Closed lawrenceadams closed 1 year ago
Hey Lawrence,
Could you provide some steps to reproduce the issues/errors ? Is the list of packages you've put there the ones where the notebook is working ?
Its definitely good to have uniformity I don't have much of a preference but to say, probably worth justifying conda over PIP if we are to use conda. The value add for conda doesn't seem to be there for the use case.
Thanks @medic-code ,
Unsure exactly where - Chris had the issue, but the offending traceback is here:
prep_df = pd.DataFrame(X_train_prep)
prep_df.columns = pipeline.get_feature_names_out()
prep_df.head()
---------------------------------------------------------------------------
AttributeError Traceback (most recent call last)
Input In [57], in ()
1 prep_df = pd.DataFrame(X_train_prep)
----> 2 prep_df.columns = pipeline.get_feature_names_out()
3 prep_df.head()
File [~/Library/miniconda3/envs/data_science/lib/python3.10/site-packages/sklearn/compose/_column_transformer.py:481](https://file+.vscode-resource.vscode-cdn.net/Users/lawrence/Programming/CodingForMedicine/exercises/~/Library/miniconda3/envs/data_science/lib/python3.10/site-packages/sklearn/compose/_column_transformer.py:481), in ColumnTransformer.get_feature_names_out(self, input_features)
479 transformer_with_feature_names_out = []
480 for name, trans, column, _ in self._iter(fitted=True):
--> 481 feature_names_out = self._get_feature_name_out_for_transformer(
482 name, trans, column, input_features
483 )
484 if feature_names_out is None:
485 continue
File [~/Library/miniconda3/envs/data_science/lib/python3.10/site-packages/sklearn/compose/_column_transformer.py:446](https://file+.vscode-resource.vscode-cdn.net/Users/lawrence/Programming/CodingForMedicine/exercises/~/Library/miniconda3/envs/data_science/lib/python3.10/site-packages/sklearn/compose/_column_transformer.py:446), in ColumnTransformer._get_feature_name_out_for_transformer(self, name, trans, column, feature_names_in)
444 # An actual transformer
445 if not hasattr(trans, "get_feature_names_out"):
--> 446 raise AttributeError(
447 f"Transformer {name} (type {type(trans).__name__}) does "
448 "not provide get_feature_names_out."
449 )
450 if isinstance(column, Iterable) and not all(
451 isinstance(col, str) for col in column
452 ):
453 column = _safe_indexing(feature_names_in, column)
AttributeError: Transformer lab (type OrdinalEncoder) does not provide get_feature_names_out.
In reality I think this is fine ~ I can't recreate it, but still think we should have a pinned/clear versions of packages for ease of maintainability/preventing issues for students
@chris-lovejoy Are you still able to reproduce it ?
I think yep definitely worth having pinned versions of packages.
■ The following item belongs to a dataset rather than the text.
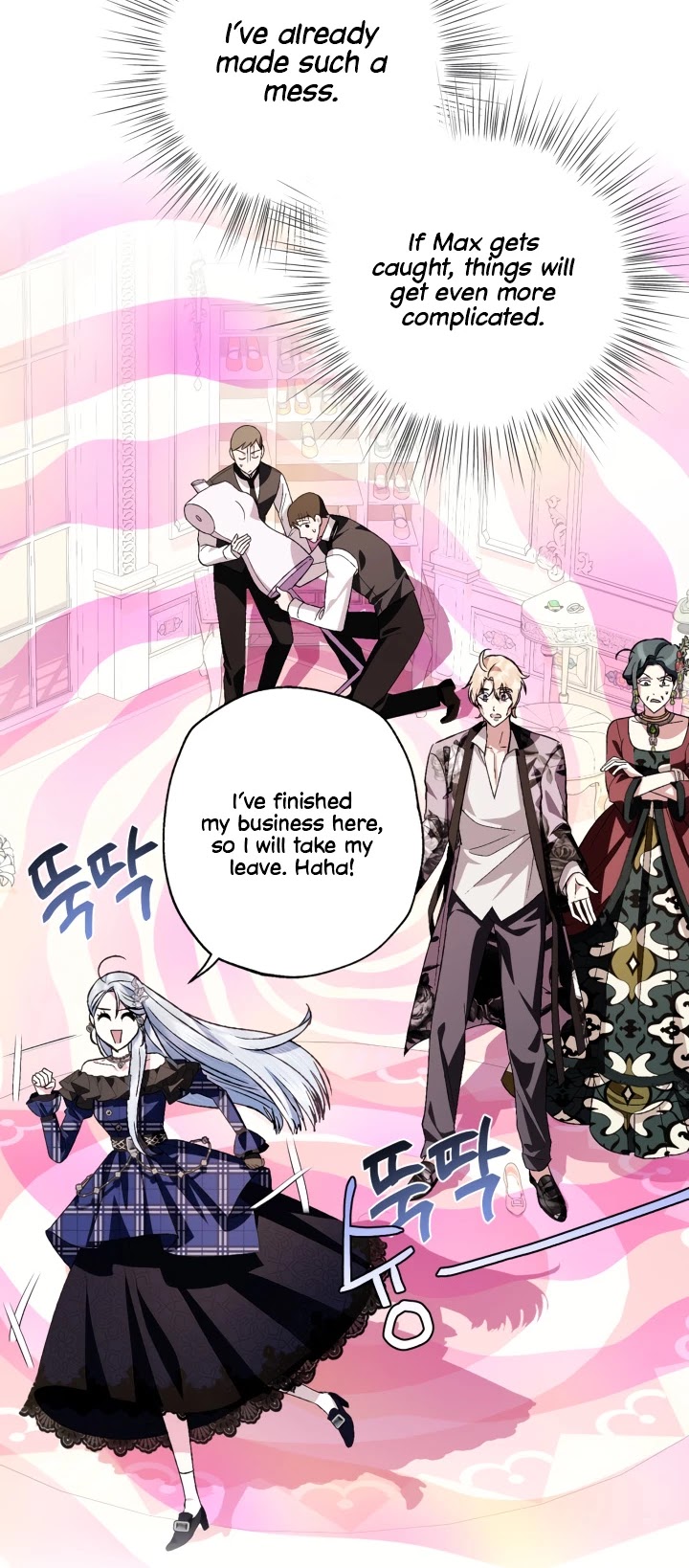 Father, I Don’t Want to Get Married! Chapter 63 page 18 - Chapter 63
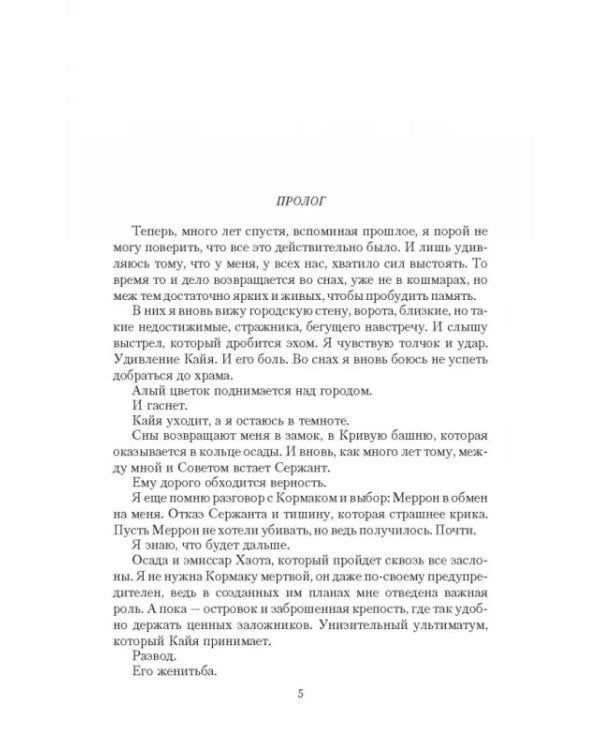 Леди и война. Цветы из пепла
Probably worth picking the packages currently being used and making sure the rest of the notebooks work appropriately and sticking with those version numbers.
Sorry for slow response with this.
I'm not getting the error that I was before, but when I ran it just now, I did get the error at the bottom.
I think we should go with conda, as it's more native for jupyter notebooks.
In terms of versions, below is a full list of my current versions.
We probably just need to make a environment.yml file for the repo, and provide instructions on how people can install it for their jupyter notebook environment? Or perhaps we make a file for both pip and conda, with instructions for each?
prep_df = pd.DataFrame(X_train_prep)
prep_df.columns = pipeline.get_feature_names_out()
prep_df.head()
---------------------------------------------------------------------------
AttributeError Traceback (most recent call last)
Input In [25], in <cell line: 2>()
1 prep_df = pd.DataFrame(X_train_prep)
----> 2 prep_df.columns = pipeline.get_feature_names_out()
3 prep_df.head()
File ~/Library/miniconda3/envs/data_science/lib/python3.10/site-packages/sklearn/compose/_column_transformer.py:481, in ColumnTransformer.get_feature_names_out(self, input_features)
479 transformer_with_feature_names_out = []
480 for name, trans, column, _ in self._iter(fitted=True):
--> 481 feature_names_out = self._get_feature_name_out_for_transformer(
482 name, trans, column, input_features
483 )
484 if feature_names_out is None:
485 continue
File ~/Library/miniconda3/envs/data_science/lib/python3.10/site-packages/sklearn/compose/_column_transformer.py:446, in ColumnTransformer._get_feature_name_out_for_transformer(self, name, trans, column, feature_names_in)
444 # An actual transformer
445 if not hasattr(trans, "get_feature_names_out"):
--> 446 raise AttributeError(
447 f"Transformer {name} (type {type(trans).__name__}) does "
448 "not provide get_feature_names_out."
449 )
450 if isinstance(column, Iterable) and not all(
451 isinstance(col, str) for col in column
452 ):
453 column = _safe_indexing(feature_names_in, column)
AttributeError: Transformer lab (type OrdinalEncoder) does not provide get_feature_names_out.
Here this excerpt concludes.